10: Sample size and statistical inference Flashcards
What is important when sampling?
Have to accept to deal with uncertainity. This can be quantified and controlled. The key to this is standard error. Sampling error tells you about certainity - how much certainty you want. If you decide on certainty - impacts the sample size you choose.
If the sample size is large, what would be different?
If the sample size is large relative to the population - need to add a correction to this, by calculating the optimal sample size.
What needs to be considered when determining the sample size?
Size of the sampling error, non response error (uninterviewable, not found, not at home, refusals), sample size appropriate for statistical method, sample size appropriate for all variables.
What is a significance test?
Uses data to summarise the evidence about hypothesis. It compares point estimates of parameters to the values predicted by the hypothesis.
What are the 5 steps of a significance test?
- Assumptions, 2. Hypothesis, 3. Test Statistic, 4. P-value, 5. Conclusion
What is part of the assumption step? (Significance test)
Randomisation, population distribution (here - normal), type of data, sample size.
What is part of the hypothesis step? (Significance test)
Empirical social science - whether the data agrees with certain predictions. These predictions result from theories we want to test. Must be falsifiable
What is a hypthesis?
In stats - hypothesis is a statement about a population. A prediction that parameter describing some characteristic of a variable takes a numerical value of falls in a certain range of values.
What are the two hyptheses?
Null hypothesis and alternative hypothesis.
What is a null hypothesis?
A statement that the paramter takes a particular value, that indicates no effect.
What is a alternative hypothesis?
States that the paramter falls into some alternative range of values, representing an effect of some type.
What is a test statisitc?
The parameter to which the hypotheses reder has a point estimate. It summarises how far the estimate falls from the parameter value in the null hypothesis. Expressed by the no. of standard errors between the estimate and null hypothesis value.

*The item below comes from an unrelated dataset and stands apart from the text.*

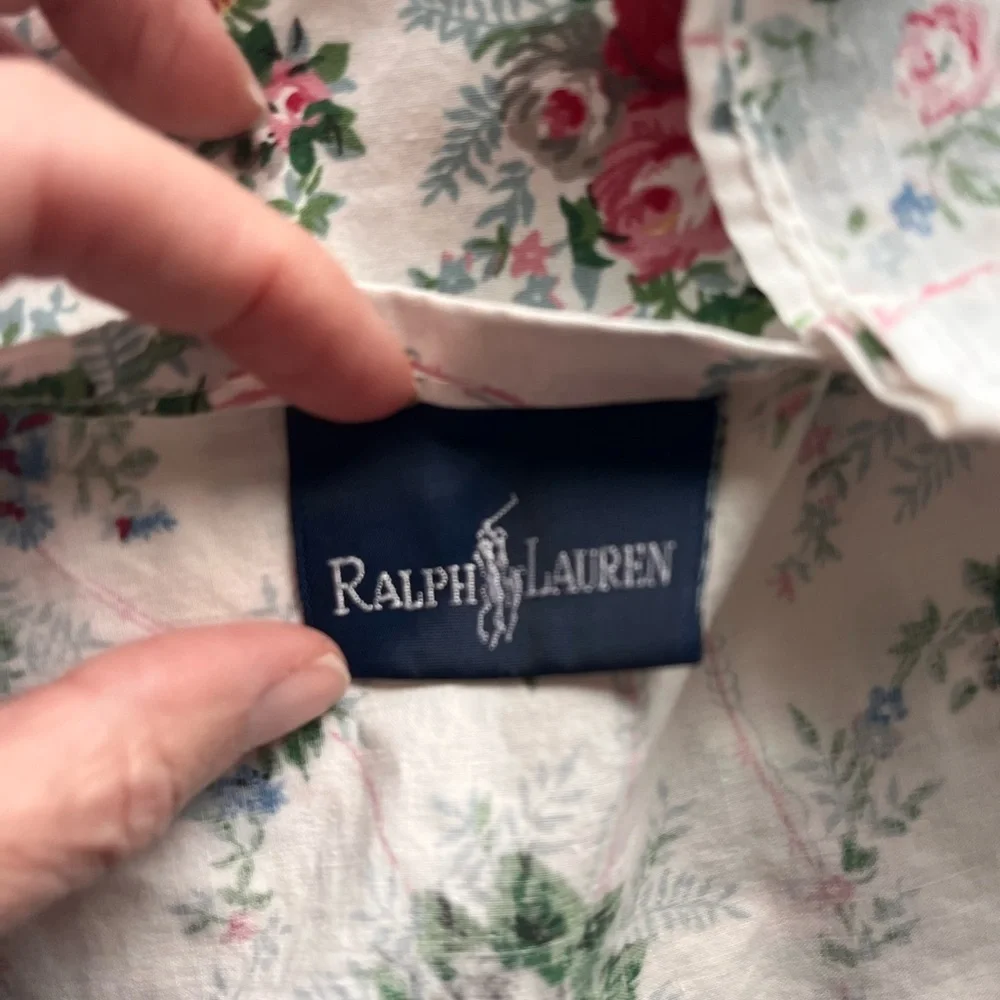 Ralph Lauren vintage Blaine Elaine floral flat sheet with ruffles size full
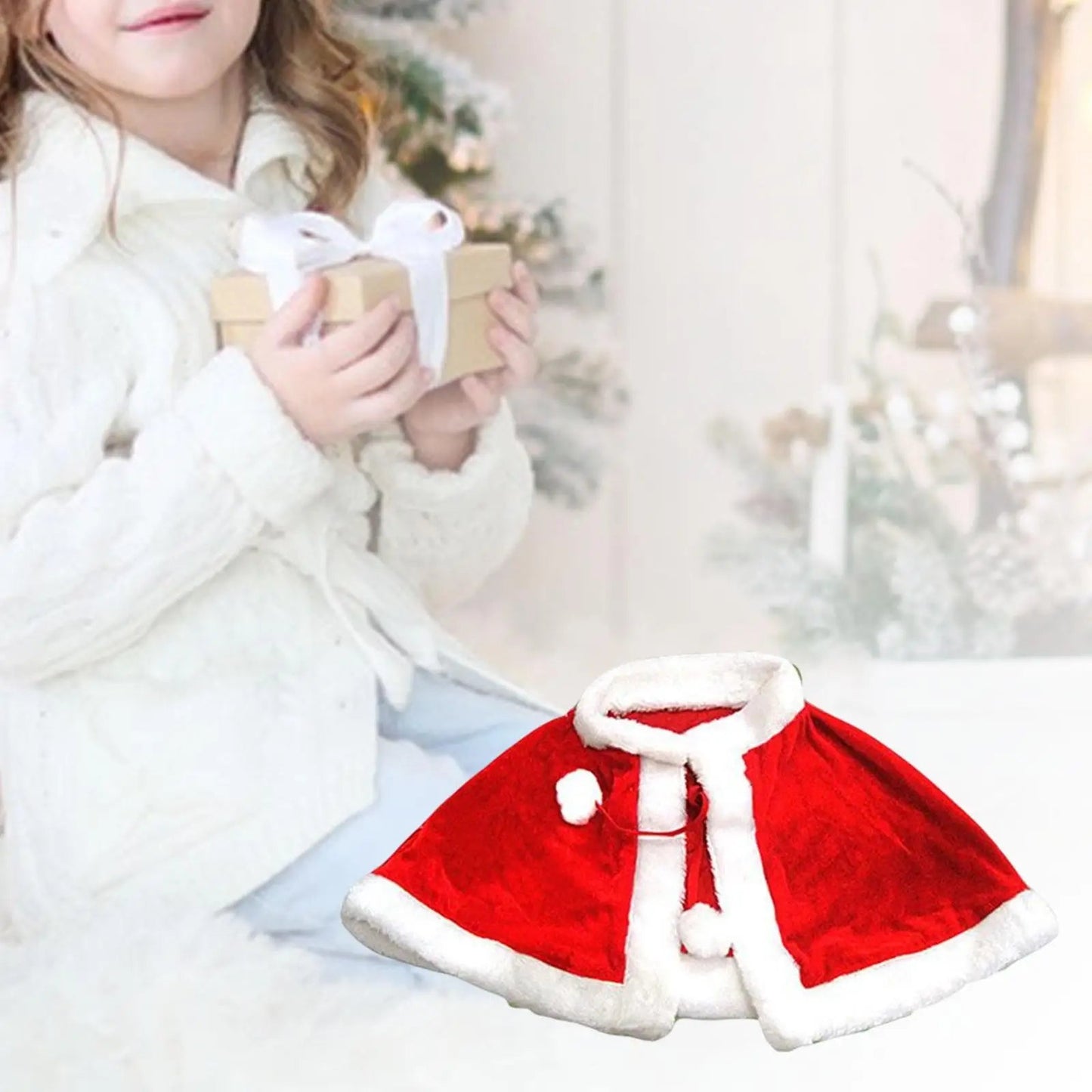 New Year Winter Red Velvet Cape Cloak Christmas Women Girl Shawl Party - Noel.ca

What shows evidence of the null hypothesis?
The evidence about the null hypothesis is summarised by the no. of standard errors that the sample mean falls from the null hypothesis value population mean.
What is the t-test statistic?
The resulting test-statistic is the t-score. In principle, this is the same as the z-value. But the standard deviation is used to estimate the population standard deviation = introduces additional error. This test uses the t-distribution.
What is the p-value?
The probability that the test statistic equals the obsereved value or a valye more ectreme in the direction predicted by the alternative hypothesis.